Data shown Block Start

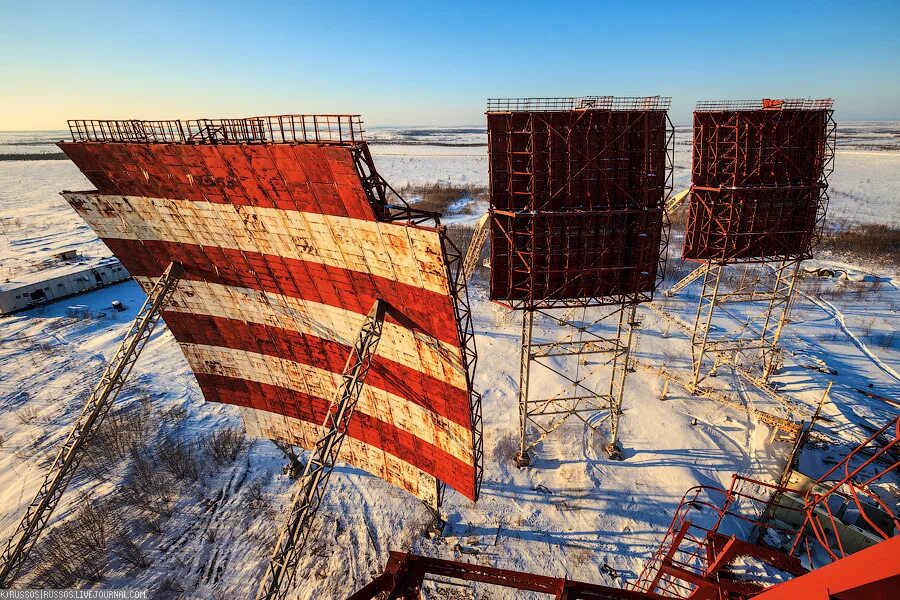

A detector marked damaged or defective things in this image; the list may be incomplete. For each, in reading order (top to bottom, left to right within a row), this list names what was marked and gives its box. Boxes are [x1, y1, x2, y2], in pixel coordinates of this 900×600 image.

rusty steel frame [0, 262, 184, 584]
rusty steel frame [256, 298, 390, 600]
rusty steel frame [348, 552, 664, 596]
rusty steel frame [512, 302, 640, 466]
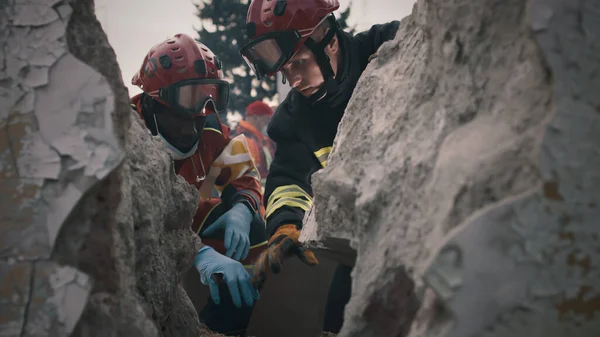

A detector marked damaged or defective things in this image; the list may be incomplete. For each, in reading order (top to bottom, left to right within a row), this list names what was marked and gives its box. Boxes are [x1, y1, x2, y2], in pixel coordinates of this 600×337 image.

cracked concrete wall [0, 0, 220, 336]
broken concrete slab [302, 0, 596, 334]
cracked concrete wall [302, 0, 596, 336]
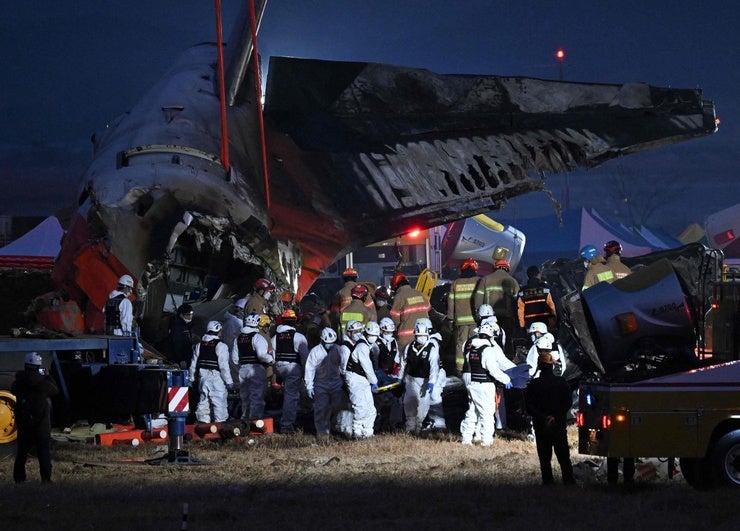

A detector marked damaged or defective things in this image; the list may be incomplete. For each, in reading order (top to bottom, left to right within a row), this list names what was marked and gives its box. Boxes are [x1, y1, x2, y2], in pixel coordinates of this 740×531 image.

crashed airplane [46, 0, 716, 340]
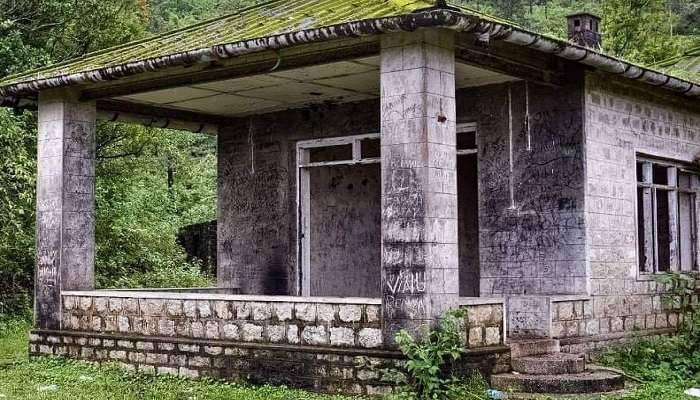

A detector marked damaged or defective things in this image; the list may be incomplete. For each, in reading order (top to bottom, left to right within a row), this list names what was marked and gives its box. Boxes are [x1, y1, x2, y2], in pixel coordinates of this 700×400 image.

broken window pane [308, 144, 352, 162]
broken window pane [656, 190, 672, 272]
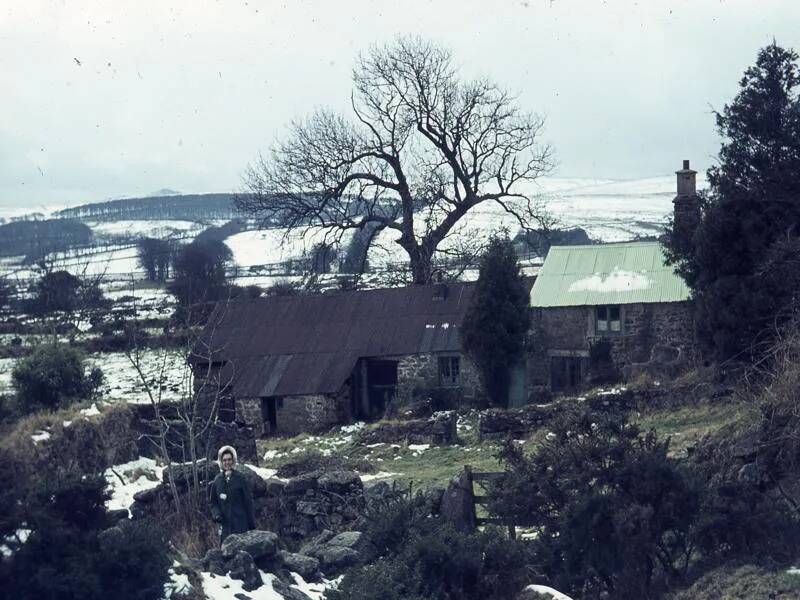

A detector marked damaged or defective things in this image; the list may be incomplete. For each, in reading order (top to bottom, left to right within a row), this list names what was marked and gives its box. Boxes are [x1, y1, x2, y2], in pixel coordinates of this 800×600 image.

rusty corrugated roof [193, 282, 520, 398]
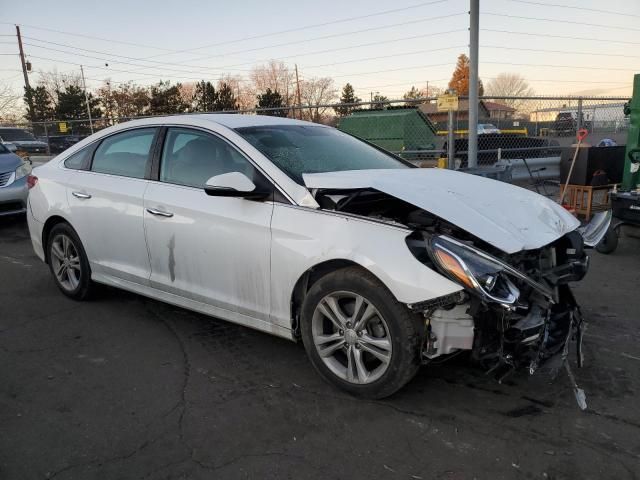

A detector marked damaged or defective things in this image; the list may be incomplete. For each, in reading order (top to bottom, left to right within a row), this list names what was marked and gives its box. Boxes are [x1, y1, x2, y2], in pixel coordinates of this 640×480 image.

crumpled hood [304, 167, 580, 253]
broken headlight [428, 236, 552, 308]
front-end collision damage [410, 230, 592, 408]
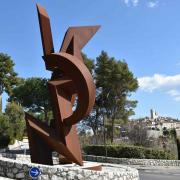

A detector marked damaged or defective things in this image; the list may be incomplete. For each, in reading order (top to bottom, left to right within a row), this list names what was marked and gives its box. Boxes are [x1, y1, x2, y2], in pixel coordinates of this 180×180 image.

rusty corten steel [25, 4, 100, 167]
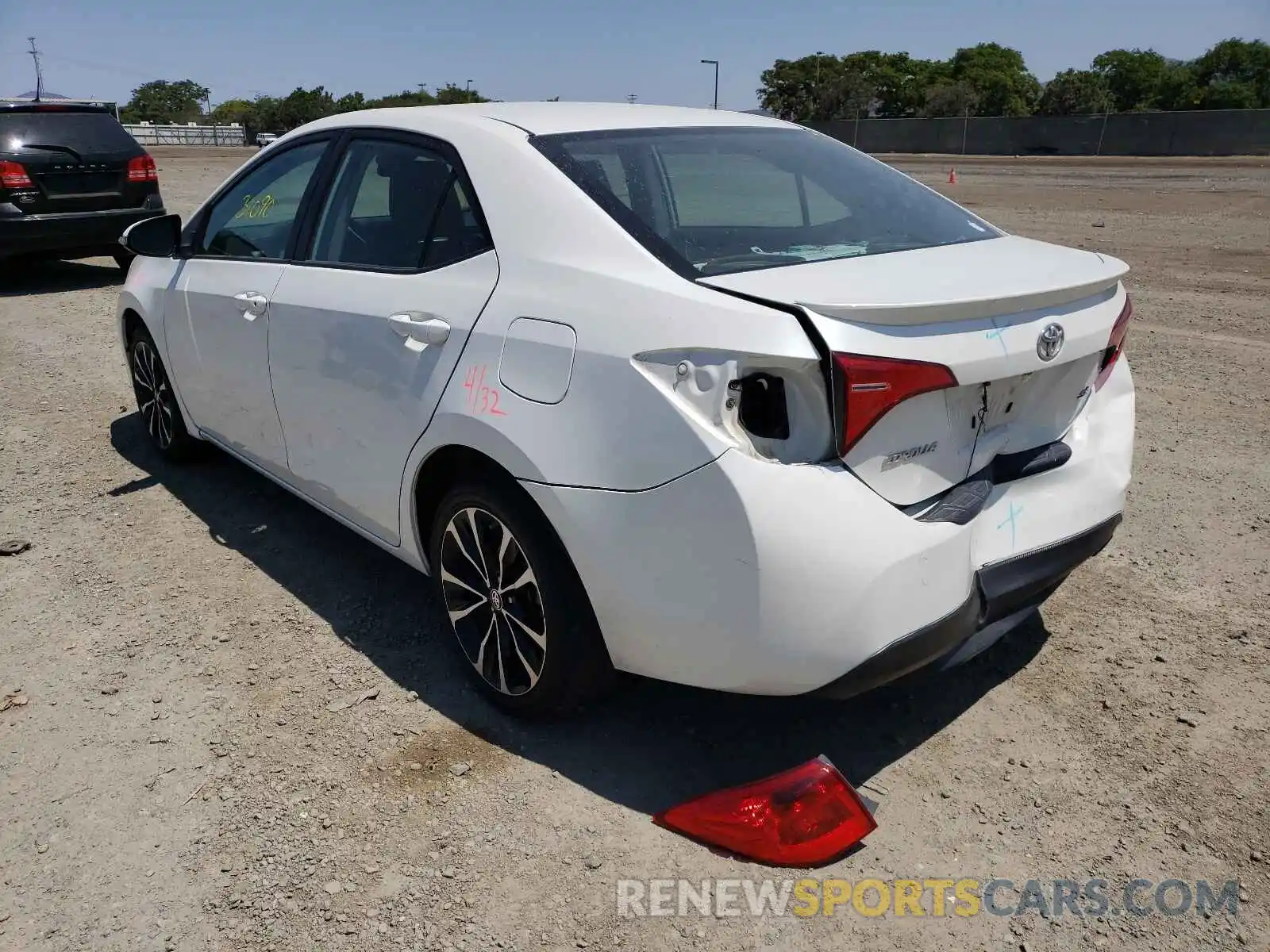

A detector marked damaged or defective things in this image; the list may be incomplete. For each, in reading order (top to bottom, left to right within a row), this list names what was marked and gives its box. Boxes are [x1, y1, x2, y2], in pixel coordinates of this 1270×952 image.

detached red taillight on ground [0, 161, 33, 189]
detached red taillight on ground [126, 153, 160, 184]
detached red taillight on ground [1092, 294, 1133, 390]
detached red taillight on ground [828, 355, 955, 459]
broken bumper cover [813, 515, 1122, 701]
detached red taillight on ground [650, 756, 879, 868]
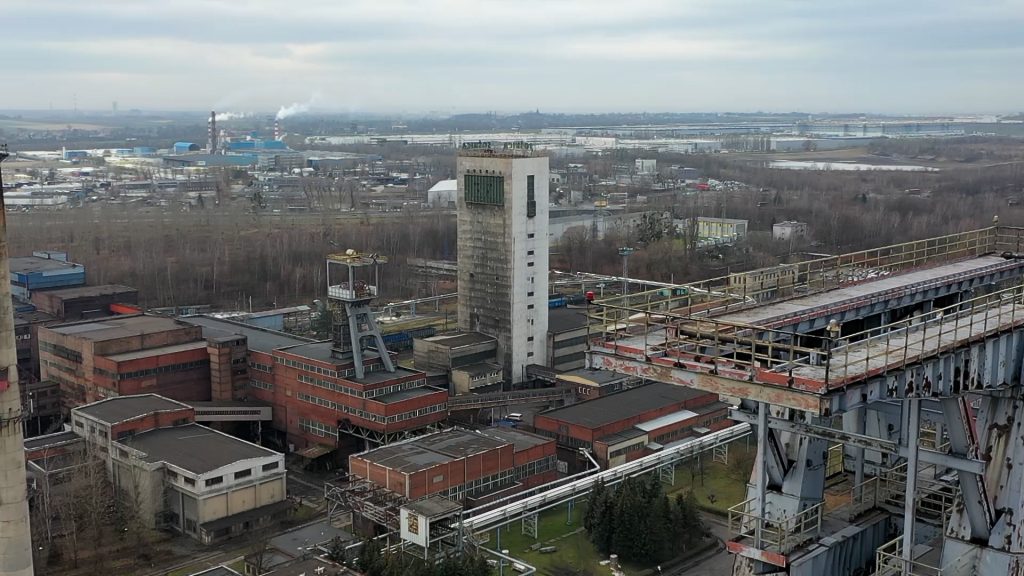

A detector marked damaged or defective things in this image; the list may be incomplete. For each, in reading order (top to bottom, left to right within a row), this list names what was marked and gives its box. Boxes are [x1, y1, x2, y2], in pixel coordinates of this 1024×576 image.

rusty steel beam [589, 350, 827, 412]
rusted metal panel [589, 350, 827, 412]
rusted metal panel [724, 537, 786, 565]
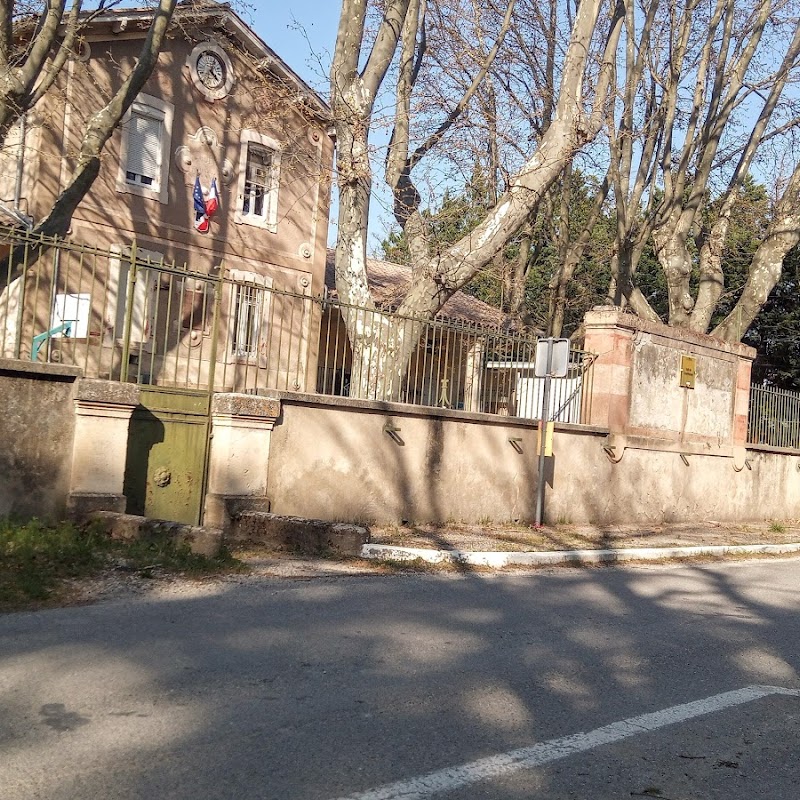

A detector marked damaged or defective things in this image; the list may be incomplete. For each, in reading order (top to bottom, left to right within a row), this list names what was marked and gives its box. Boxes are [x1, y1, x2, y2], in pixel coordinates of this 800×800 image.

rusty metal door [122, 388, 209, 524]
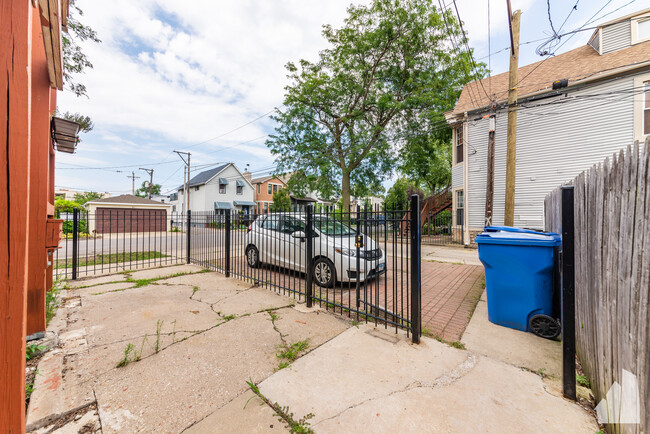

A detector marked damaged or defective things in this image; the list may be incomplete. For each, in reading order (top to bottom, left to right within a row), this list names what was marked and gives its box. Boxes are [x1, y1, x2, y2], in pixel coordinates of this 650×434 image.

cracked concrete pavement [29, 262, 596, 432]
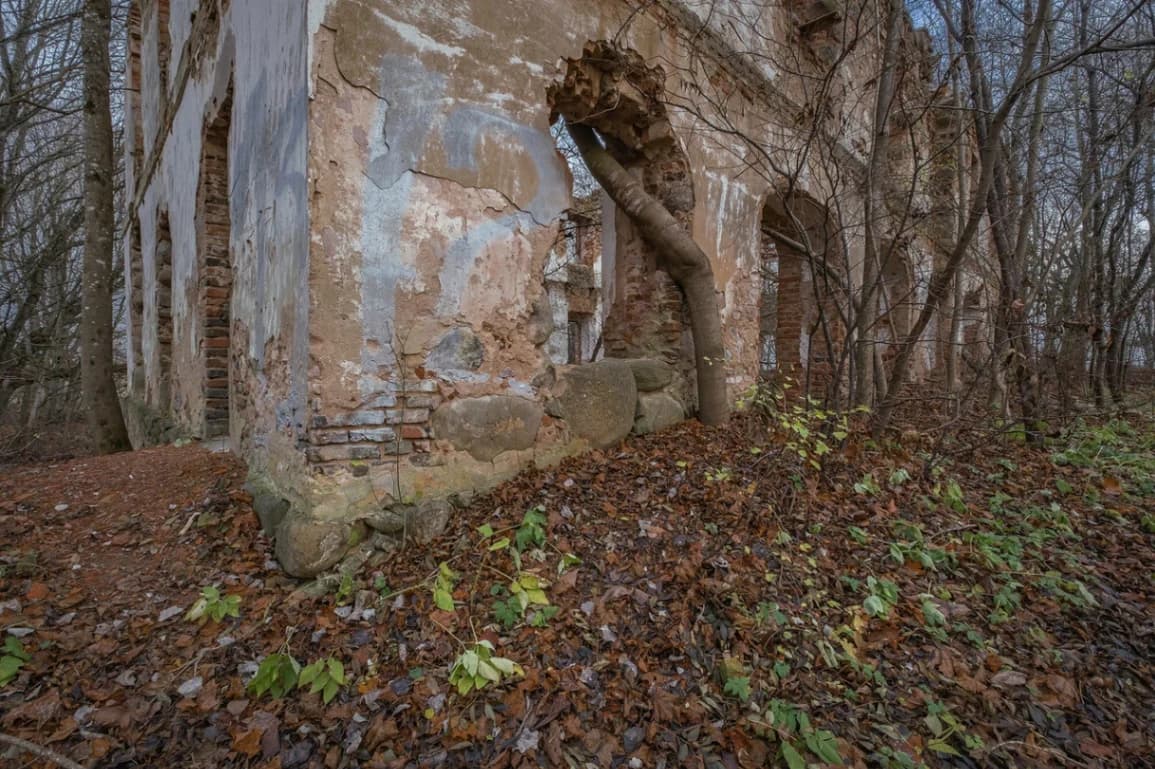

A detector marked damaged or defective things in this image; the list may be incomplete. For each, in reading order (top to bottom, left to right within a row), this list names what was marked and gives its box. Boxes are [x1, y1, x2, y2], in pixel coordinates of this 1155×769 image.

broken brick arch [198, 79, 234, 436]
broken brick arch [549, 38, 729, 422]
broken brick arch [757, 187, 850, 394]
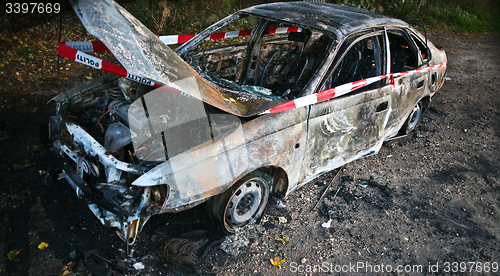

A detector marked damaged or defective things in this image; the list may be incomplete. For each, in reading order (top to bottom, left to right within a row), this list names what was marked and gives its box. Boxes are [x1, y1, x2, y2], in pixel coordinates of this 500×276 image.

burnt tire [208, 175, 270, 233]
burned car [47, 0, 446, 243]
charred car body [47, 0, 446, 243]
burnt metal scrap [47, 0, 446, 244]
burnt car roof [240, 2, 408, 38]
burnt tire [402, 101, 422, 134]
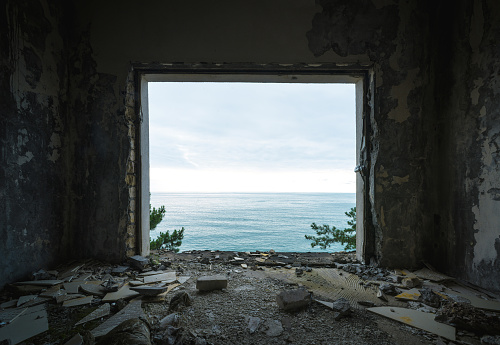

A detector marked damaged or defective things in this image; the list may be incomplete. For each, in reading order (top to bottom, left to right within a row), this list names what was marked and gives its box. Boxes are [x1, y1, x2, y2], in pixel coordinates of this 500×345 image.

peeling plaster wall [0, 0, 69, 288]
peeling plaster wall [438, 0, 500, 292]
broken concrete slab [128, 254, 149, 270]
broken tile [0, 304, 48, 344]
broken concrete slab [0, 304, 48, 344]
broken tile [75, 302, 110, 324]
broken concrete slab [75, 302, 110, 324]
broken tile [91, 296, 145, 336]
broken concrete slab [91, 298, 145, 336]
broken tile [102, 282, 140, 300]
broken concrete slab [101, 282, 141, 300]
broken concrete slab [196, 274, 228, 290]
broken tile [196, 274, 228, 290]
broken concrete slab [276, 286, 310, 310]
broken concrete slab [370, 306, 456, 340]
broken tile [368, 306, 458, 340]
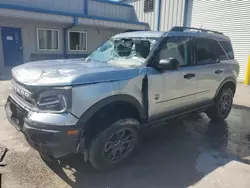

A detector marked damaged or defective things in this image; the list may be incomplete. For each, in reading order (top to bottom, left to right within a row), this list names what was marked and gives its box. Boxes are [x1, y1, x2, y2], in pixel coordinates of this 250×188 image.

dented hood [11, 58, 141, 86]
damaged suv [5, 26, 238, 170]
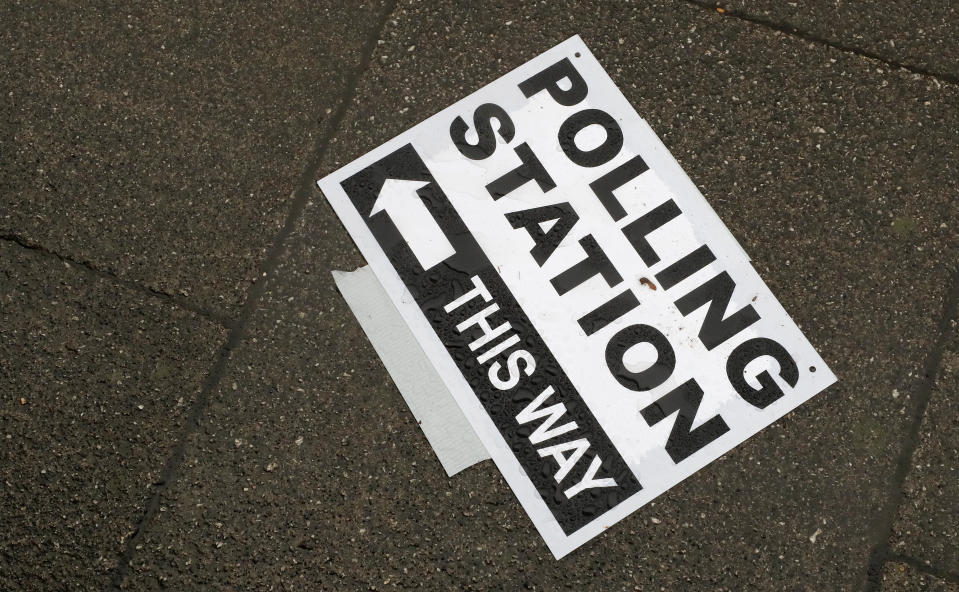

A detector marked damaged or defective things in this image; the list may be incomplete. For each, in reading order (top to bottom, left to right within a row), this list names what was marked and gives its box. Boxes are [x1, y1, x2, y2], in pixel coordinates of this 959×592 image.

Data shown Block End

What to do: Leave out every picture, and repeat word for word only the lines from the one holding "this 250×188 image." through the end of the entries above, both ends included.

Exercise answer:
A detector marked damaged or defective things in this image; the list may be incomplete. For each, in reading order (top to bottom, left to right within a row), this list names what was marked and gives its box. Boxes are [x1, y1, x2, y2], in pixel coordinates of this 250×188 image.

dented hood [11, 58, 141, 86]
damaged suv [5, 26, 238, 170]

A detector marked damaged or defective things in this image; the list may be incomplete. For each, in reading order (top to bottom, left to right within a row), this list names what was marked and gives its box. Boxes are [x1, y1, x2, y2], in pixel coordinates of this 959×592 image.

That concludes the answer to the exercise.